I think I will stick with that card as a replacement for handing in my passport which I refuse to do - ok I will let them photocopy it and at the busy campsite office at Cordoba this year they kept it for half an hour  They claimed it was a city or police regulation.

I believe the ACSI ID plastic card isn't as widely accepted as a passport substitute and does it provide the same level of insurance cover?

Also I seem to remember that Scandinavian sites insist on their own ID cards.

For those who turn up at an ACSI DISCOUNT site without the cardboard card I've often seen the book for sale on the counter but obviously not in English 

Best New Year wishes and enjoy your travels in 2015

Steve


----------



## Zebedee (Oct 3, 2007)

*Re: ACSI*



> Littlebt said:- . . . I obtained the CC identity card which is the same as the ACSI "Plastic" card for the purpose of not having to part with my passport,however, whenever I offer it they still request the passport . . .


Strange how different people's experiences can be.

I haven't had to hand over my passport once in the last three years of touring round France and staying mostly in campsites. They have always been happy to accept the ACSI ID card instead, even when they have asked at first for my passport.

Maybe it's the luck of the draw . . . or perhaps I have an honest face?? (_Belt up Crinkle!!! _ :lol: )

Dave


----------



## caulkhead (Jul 25, 2007)

I am interested in exactly what people mean by 'hand over' their passport. We are usually asked for our passports at campsites, details are taken and then passports handed back. I remember as a child that our passports were often held by the hotel, campsite etc, but that hasn't happened for many years. 

Caulkhead


----------



## Zebedee (Oct 3, 2007)

An excellent point Caulkhead.

To expand my comment previous to yours, campsite receptionists often (usually) ask for a passport, but almost invariably accept an ID card if offered instead. Asking for a passport is obviously an easy way for them to ask for identification, specially if they are trying to speak English and are not very fluent.
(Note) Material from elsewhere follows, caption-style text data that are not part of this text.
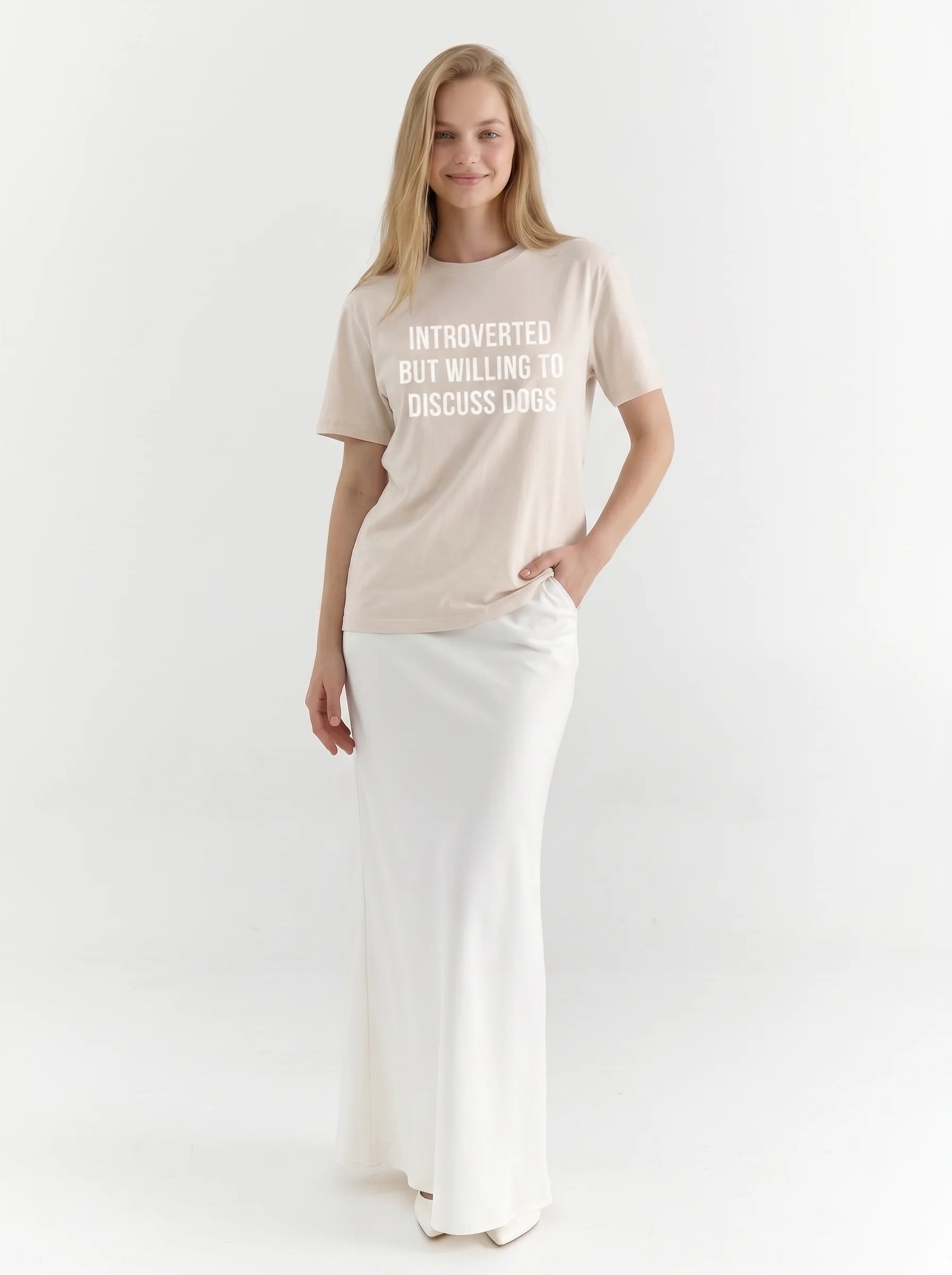 Introverted But Willing to Discuss Dogs Classic T-Shirt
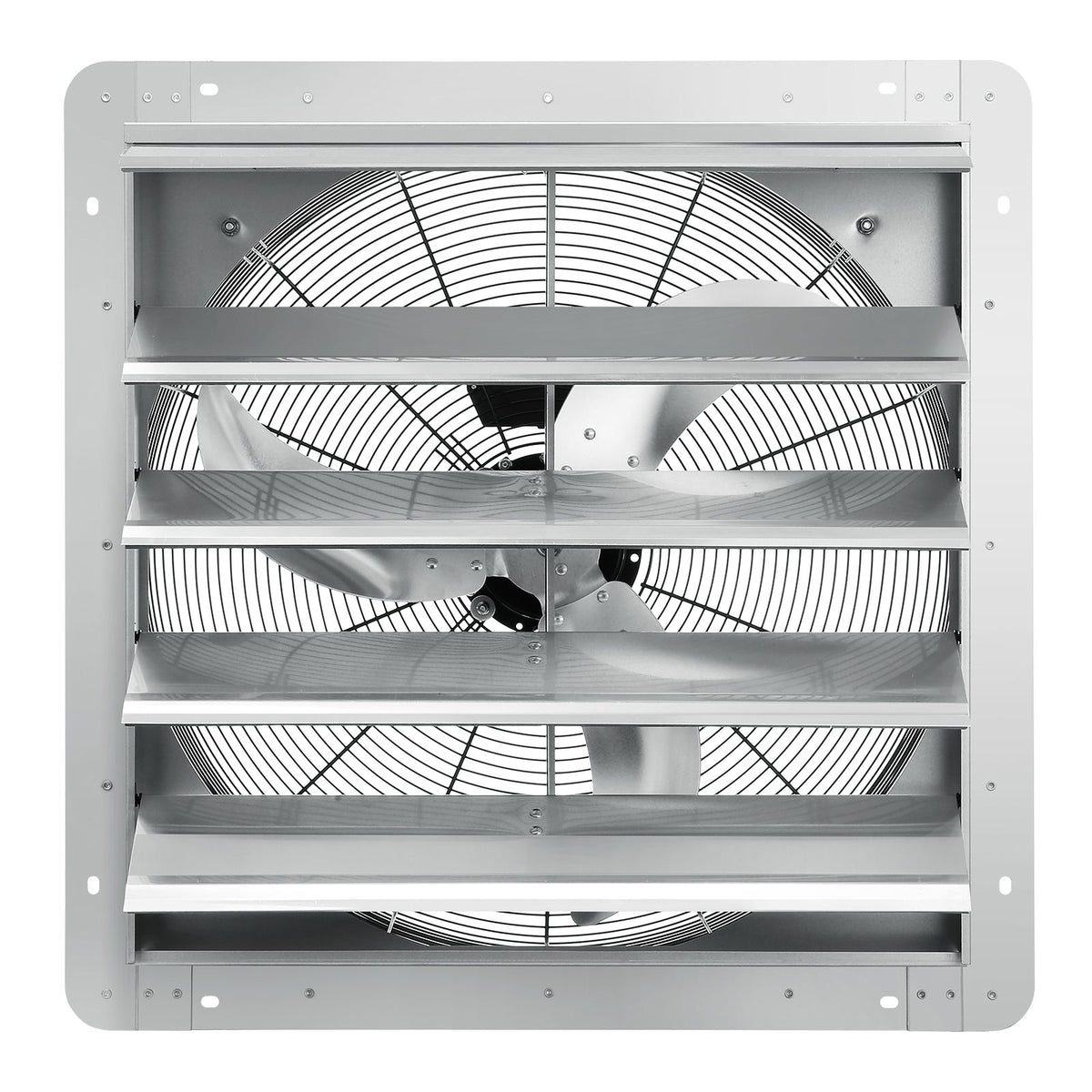 Wall-Mounted Shutter Exhaust Fan for Utility Spaces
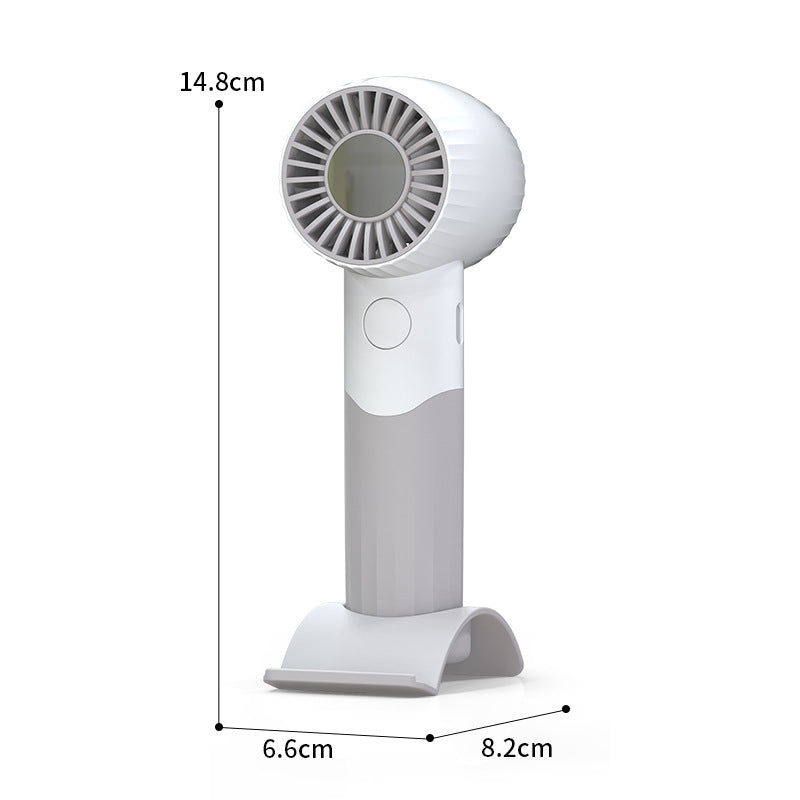 Ladies portable mini hand fan with integrated holder Kalsten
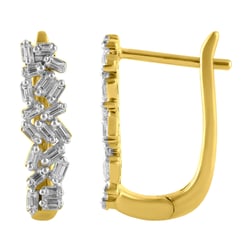 Zlaté náušnice s diamantmi Cathie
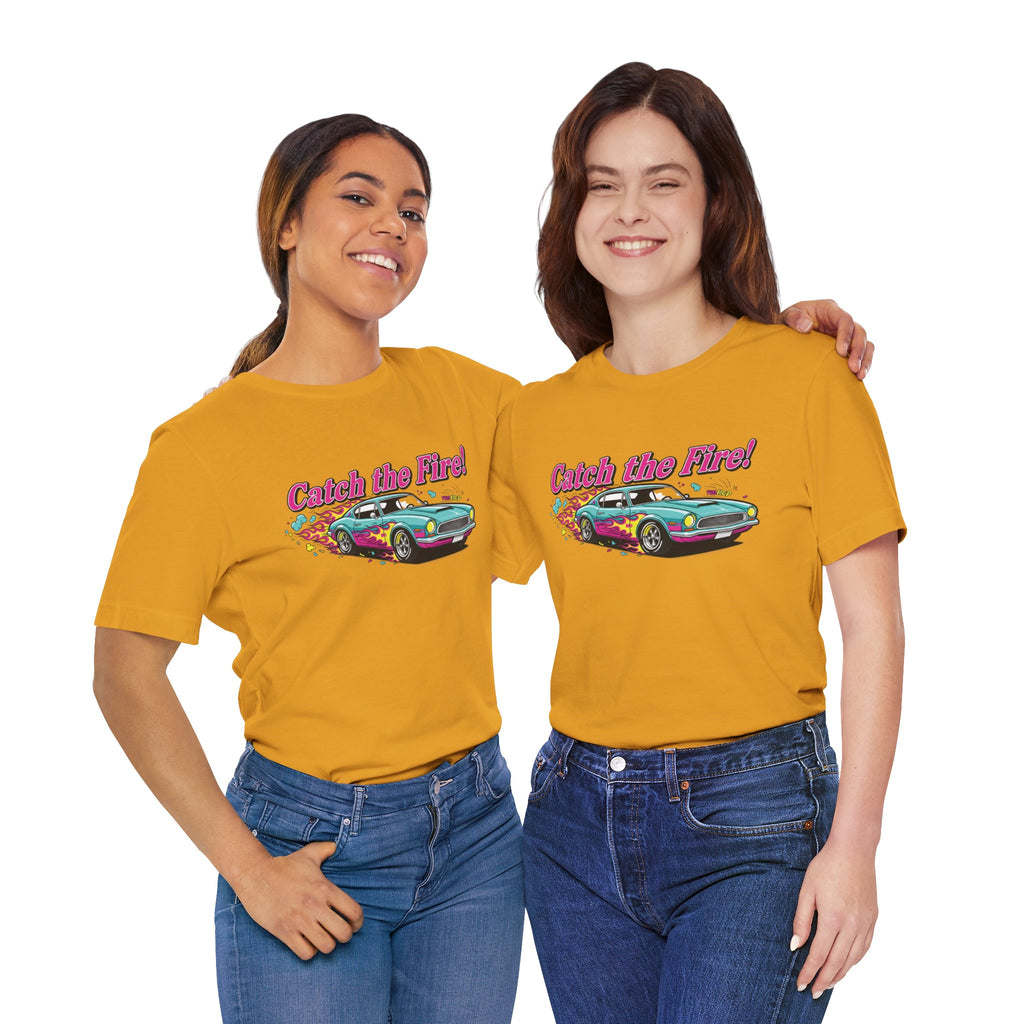 Catch the Fire Vintage Muscle Car Graphic T Shirt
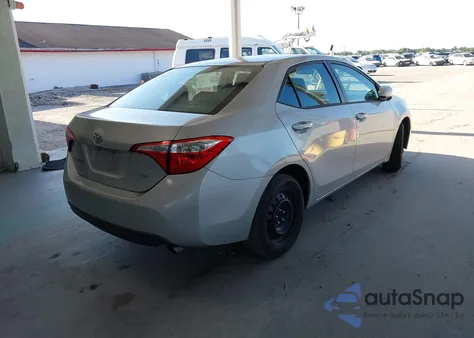2016 Toyota Corolla Le z USA, uszkodzony, nr VIN 5YFBURHE9GP493288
I always have my ID card ready, and proffer it as soon as they ask the first question - whatever it is. It always seems to work perfectly.

If it's an ACSI site (_in the discount scheme_) the discount card has always been sufficient, since that has enough ID to satisfy their requirements.

Dave


----------



## icer (Dec 11, 2006)

In slovenia and Croatia this year passport was required, like most of you I thought that the card was an acceptable option.

On one site while my wife was booking in they also wanted my passport, both were kept until we left.

Ian


----------



## Zebedee (Oct 3, 2007)

I guess it varies a lot from country to country. Presumably the more they are used to tourists the less likelihood of having to surrender your passport. As Caulkhead observed, it's not so long ago that even hotels in France kept it until you left.

Dave


----------



## tonyt (May 25, 2005)

If you do have to hand in your passport just be sure to check it's the right one when you get it back!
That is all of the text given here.